**Goal of the exercise**
Your copy should hold only the lines from the one with "Funnylife Personalized Dog" to the one with "Aloha フラワーレイ❀.*・゜ ホヌ", both included, each exactly as it stands below, with no pictures.

**Information**

● ● ●

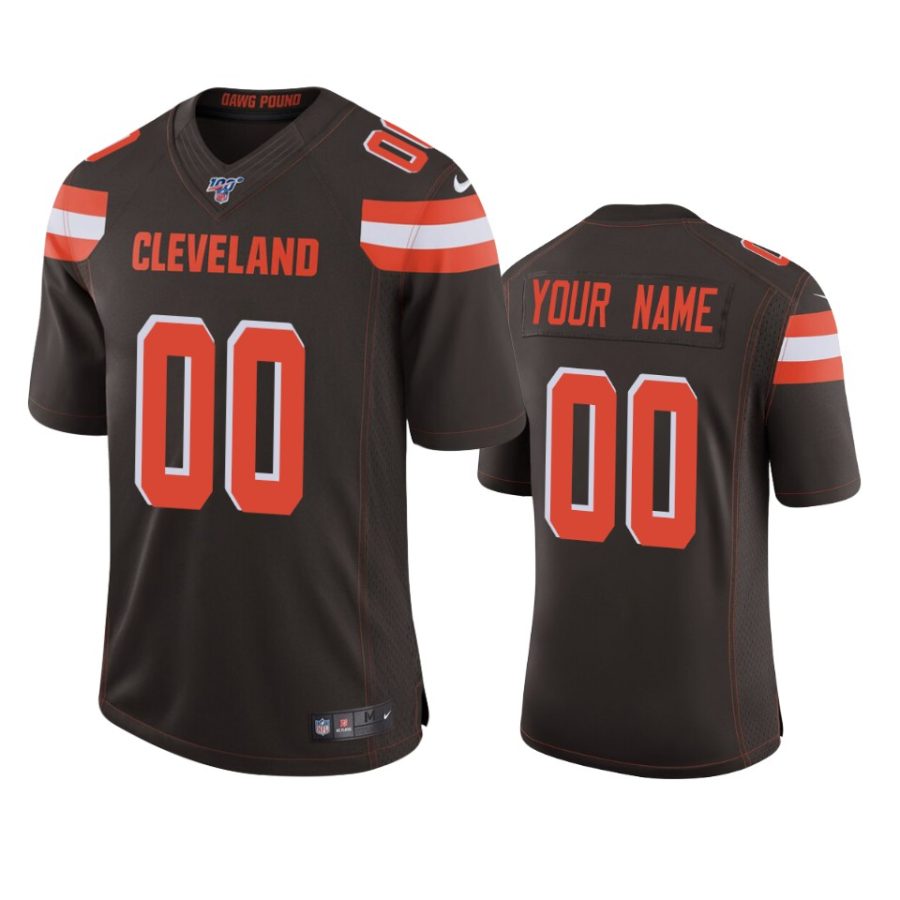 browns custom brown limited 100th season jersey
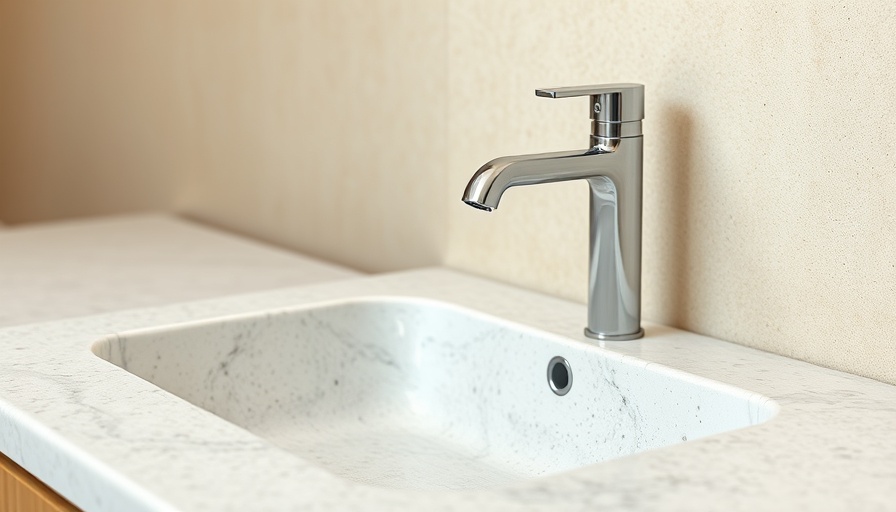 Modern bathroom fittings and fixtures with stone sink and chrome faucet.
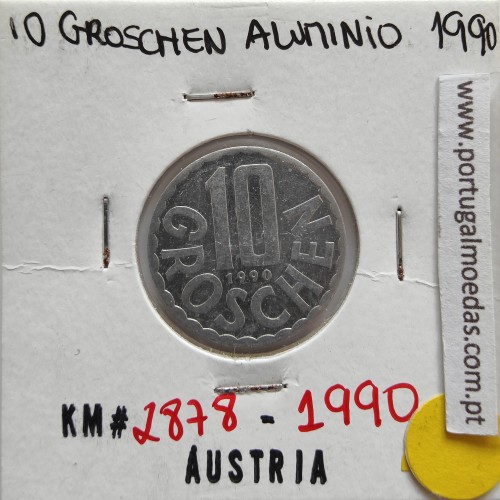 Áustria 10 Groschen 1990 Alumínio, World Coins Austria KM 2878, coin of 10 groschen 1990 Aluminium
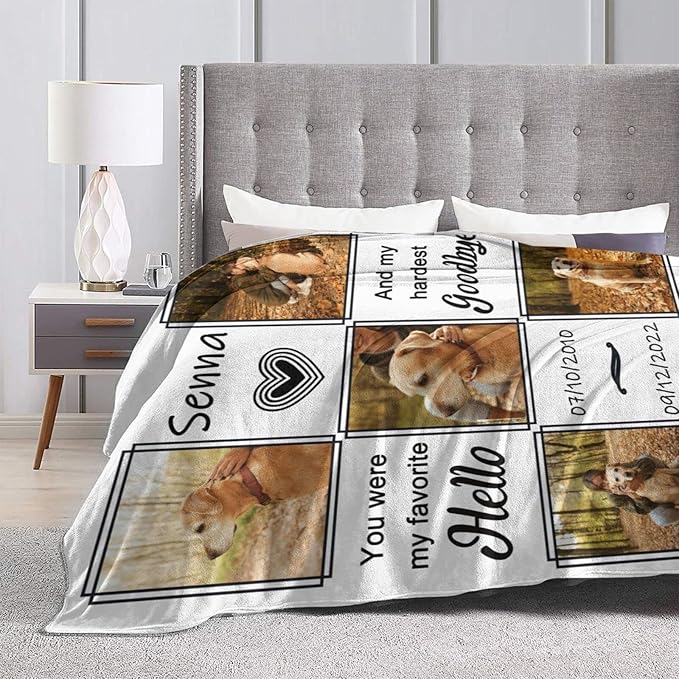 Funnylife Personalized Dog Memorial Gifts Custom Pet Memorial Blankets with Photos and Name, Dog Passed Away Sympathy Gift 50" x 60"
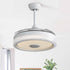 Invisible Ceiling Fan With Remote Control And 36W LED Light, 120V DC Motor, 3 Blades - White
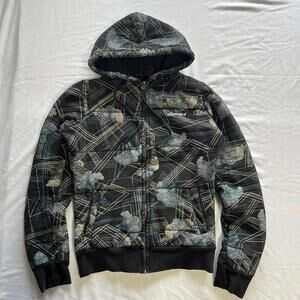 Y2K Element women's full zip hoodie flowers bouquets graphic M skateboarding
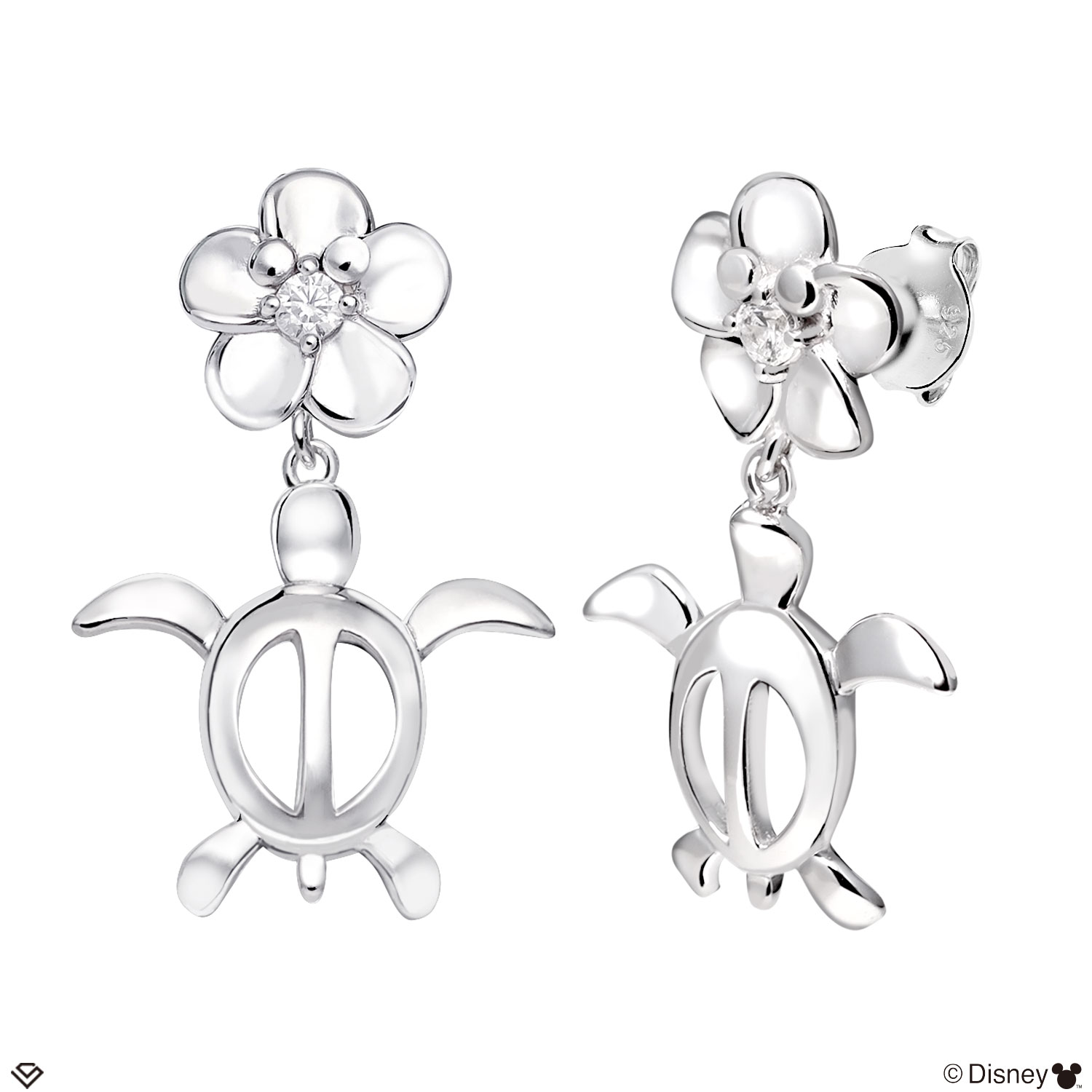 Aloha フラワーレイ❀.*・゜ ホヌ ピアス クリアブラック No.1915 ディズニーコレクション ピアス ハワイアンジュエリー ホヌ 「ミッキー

● ● ●

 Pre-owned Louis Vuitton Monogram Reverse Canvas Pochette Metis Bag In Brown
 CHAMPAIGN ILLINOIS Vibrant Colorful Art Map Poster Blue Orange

● ● ●

**Task answer**
 Funnylife Personalized Dog Memorial Gifts Custom Pet Memorial Blankets with Photos and Name, Dog Passed Away Sympathy Gift 50" x 60"
 Invisible Ceiling Fan With Remote Control And 36W LED Light, 120V DC Motor, 3 Blades - White
 Y2K Element women's full zip hoodie flowers bouquets graphic M skateboarding
 Aloha フラワーレイ❀.*・゜ ホヌ ピアス クリアブラック No.1915 ディズニーコレクション ピアス ハワイアンジュエリー ホヌ 「ミッキー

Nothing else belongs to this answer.